2020 COA 29
Colo. Ct. App.2020Background
- Keysight Technologies was spun off from Agilent in 2014, wholly owned by Agilent, acquiring 75% of Agilent’s Colorado employees and about half its infrastructure; Keysight became a Colorado statutory employer and received a Division-assigned unemployment premium rate in October 2014.
- In 2018 Keysight requested that the Division of Unemployment Insurance transfer Agilent’s unemployment “experience” (claims history) to Keysight and revise Keysight’s premium rate effective as of the transfer.
- The Division denied the request. The hearing officer found § 8-76-104(3) and (1)(a) inapplicable but concluded § 8-76-104(2)(b) required transfer and rate recalculation.
- The Industrial Claim Appeals Office (Panel) affirmed non-applicability of subsections (1) and (3) but reversed the hearing officer on subsection (2)(b), holding (2)(b) applies only when the successor/transferee was already an existing statutory employer at the time of transfer.

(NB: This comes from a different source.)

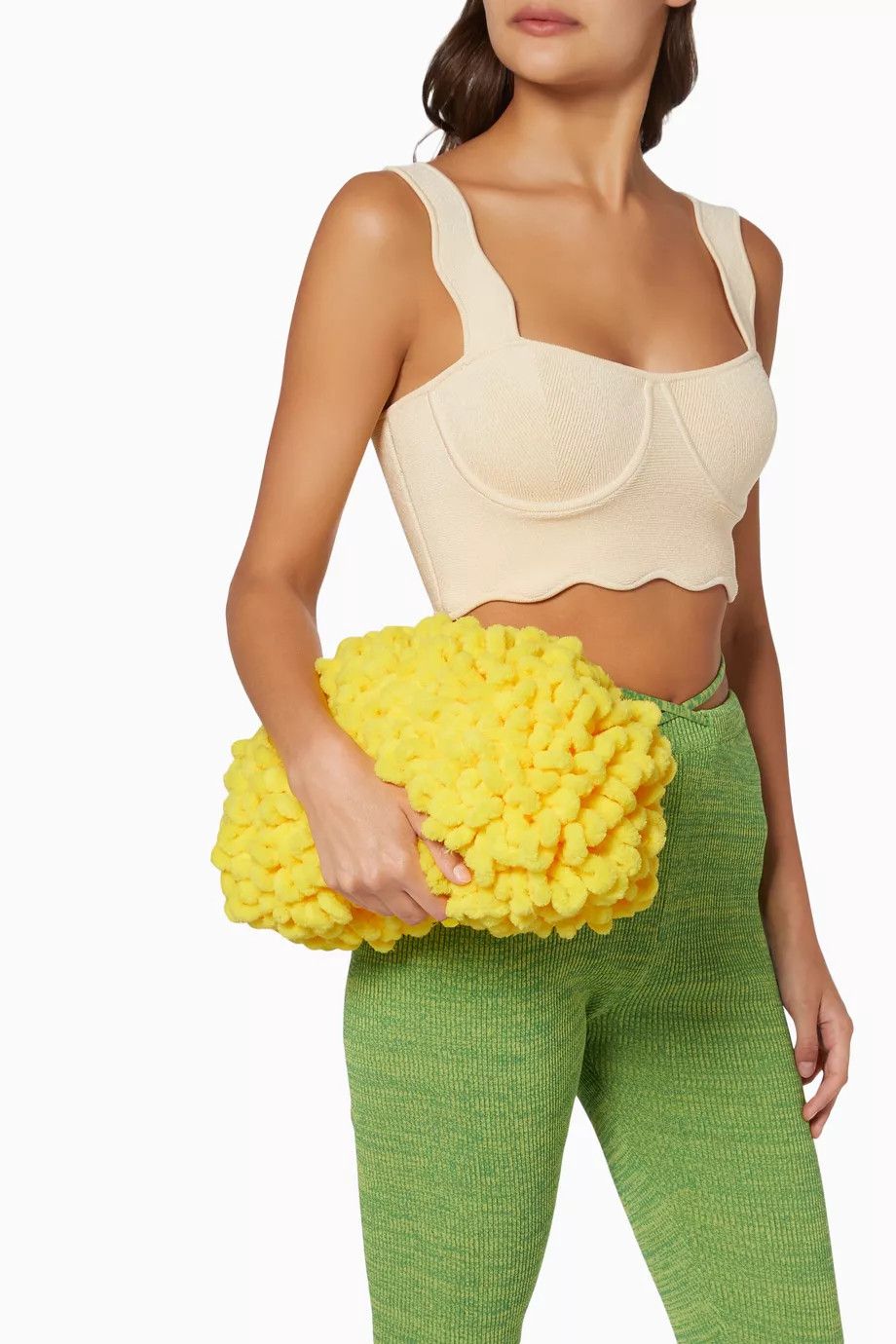 Bottega Veneta o1y0725 Size : OS / Crossbody Bag in Yellow Size ONE SIZE - 5 Thumbnail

- The Division also argued, and the Court of Appeals agreed, that Keysight’s request was untimely under Division Regulation 11.1.4 (written redetermination required within 20 calendar days of rate notice); Keysight waited more than three years to seek the change.
- The Court of Appeals affirmed the Panel: (1) § 8-76-104(2)(b) does not require transferring Agilent’s experience to Keysight because Keysight was not a pre-existing statutory employer, and (2) Keysight’s request was untimely, providing an independent basis to deny relief.
Issues
| Issue | Plaintiff's Argument | Defendant's Argument | Held |
|---|---|---|---|
| Whether § 8-76-104(2)(b) required transfer of Agilent’s experience to Keysight (a spin-off that did not exist as a statutory employer before the transfer). | Keysight: § 8-76-104(2)(b) does not require the successor to have been a pre-existing statutory employer; subsection lacks the explicit "was an employer prior" language found in (2)(a). | Division: (2)(b)’s requirement to "recalculate" the successor’s rate presupposes a pre-existing Division-calculated rate; (2)(b) applies only where the transferee was already a statutory employer. | Court: Affirmed Panel. (2)(b) contemplates a successor with a pre-existing premium rate; Keysight did not qualify. |
| Whether Keysight timely sought redetermination of its premium rate under Division regulations. | Keysight: Argued Division waived any timeliness defense by not raising it earlier. | Division: Reg. 11.1.4 required a written redetermination request within 20 calendar days of the rate notice; Keysight waited >3 years. | Court: Affirmed Panel. Keysight’s request was untimely; Division may defend order on this independent ground. |
Key Cases Cited
- TRW Inc. v. Andrews, 534 U.S. 19 (2001) (cardinal rule against rendering statutory words superfluous).
- Jenkins v. Panama Canal Ry. Co., 208 P.3d 238 (Colo. 2009) (statutory drafting errors or policy issues are for the legislature to remedy).
- Nelson v. Industrial Claim Appeals Office, 219 P.3d 416 (Colo. App. 2009) (effect of statute is a legislative policy matter).
- Farmers Group, Inc. v. Williams, 805 P.2d 419 (Colo. 1991) (appellee may defend the judgment on any ground supported by the record).
- Westfall v. Town of Hugo, 851 P.2d 299 (Colo. App. 1993) (courts may take judicial notice of state administrative regulations).
- Stevenson v. Industrial Commission, 705 P.2d 1020 (Colo. App. 1985) (affirmance may rest on an alternative statutory basis).